You don't really give it much thought, how weird standing still in a shopping centre like Hoog Catharijne is. At least: if you don't stand still with your head towards a shop window or your fingers in a bowl of fast food. The code for glancing around a shopping mall is so common that it takes some getting used to even for yourself when something forces you to suddenly really look. The art event Call of the Mall achieves that effect in a very short time. Before you know it, a screamingly lit shoe store has become an art installation, including matching customers and music: what is real suddenly doesn't seem real at all. Stronger art cannot work.
Call of the Mall is a unique event because Hoog Catharijne suddenly shows itself from a different side. Namely that of one of the largest and most accessible art galleries in the world. The shopping heart of the Netherlands is hated by anyone who has to look at it from outside, walk through or around it in the evening, or ends up on a busy Saturday on their way from the station to the terraces in the centre of Utrecht. The art event is now turning it into something it never was: an adventurous place, where nothing is what it seems. Even the cleaners join in the plot.

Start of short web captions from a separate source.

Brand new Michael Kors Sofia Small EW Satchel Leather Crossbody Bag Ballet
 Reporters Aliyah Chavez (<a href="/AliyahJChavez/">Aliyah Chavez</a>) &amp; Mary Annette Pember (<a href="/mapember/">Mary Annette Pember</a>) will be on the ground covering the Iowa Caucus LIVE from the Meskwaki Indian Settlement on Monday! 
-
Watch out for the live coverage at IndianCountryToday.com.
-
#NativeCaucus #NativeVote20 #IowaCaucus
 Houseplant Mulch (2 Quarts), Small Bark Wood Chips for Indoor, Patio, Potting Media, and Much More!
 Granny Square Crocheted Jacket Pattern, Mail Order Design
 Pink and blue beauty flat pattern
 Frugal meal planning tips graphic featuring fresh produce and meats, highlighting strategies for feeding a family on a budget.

The works range from spectacle pieces like Troika's rope fountain or Krijn de Koning's colour house to an entire floor of the one of the numerous car parks turned into a living black-and-white photograph of that spot in 1973: grey-painted cars from that year complete the illusion. The mega teapot on the roof of Catharijne Bridge by Lily van der Stokker is a perky contrast to the stranded UFO on the roof of the old NS Headquarters, around the corner
The event also provides access to places no one expects. An urban farm has been set up on the roof of Hoog Catharijne by Esther van de Wiel. Where she now grows broad beans and potatoes was a walking area in the very first months of Hoog Catharijne's existence, including street signs, seats and terraces. It didn't last long, as the many nooks and obscure passages turned out to be particularly popular with people who had other plans than to stroll around. The same goes for the galleries in Hoog Catharijne itself: once there were also shops there, now they are closed off because shortly after opening they were already more popular with people throwing stuff down, or even urinating through the railing. The only place still in use is the Mirliton theatre, a cabaret hall that is still in completely original 1970s condition. The film shown there is a slightly disturbing 14-minute piece of work, in which we see people waiting and staring.
The artworks are not disturbing anywhere else, but they are disruptive, such as the Tankman, a wax statue of the Chinese with messenger bag who managed to stop an entire column of tanks during the 1989 uprising in China's Tiananmen Square. He now stands in the middle of one of the busier walkways. With a fence around him and a sturdy guard, because apparently shoppers are a little less easily pushed aside than a Chinese tank column.
Astonishment stirs the only truly inflammatory work by Nathan Coley. On a façade above the construction pit into which the waters of Catharijnesingel will flow again in a few years, the text "Burn the Village, Feel the warmth". A cry that was used during the riots in English city centres a few years ago. A slogan, too, that many a passer-by will have muttered in private, when seeing Hoog Catharijne.
For the time being, it's okay to stay put, because the event really makes you stop and think about art in a completely new way, but more importantly, the bizarre world of the shopping mall.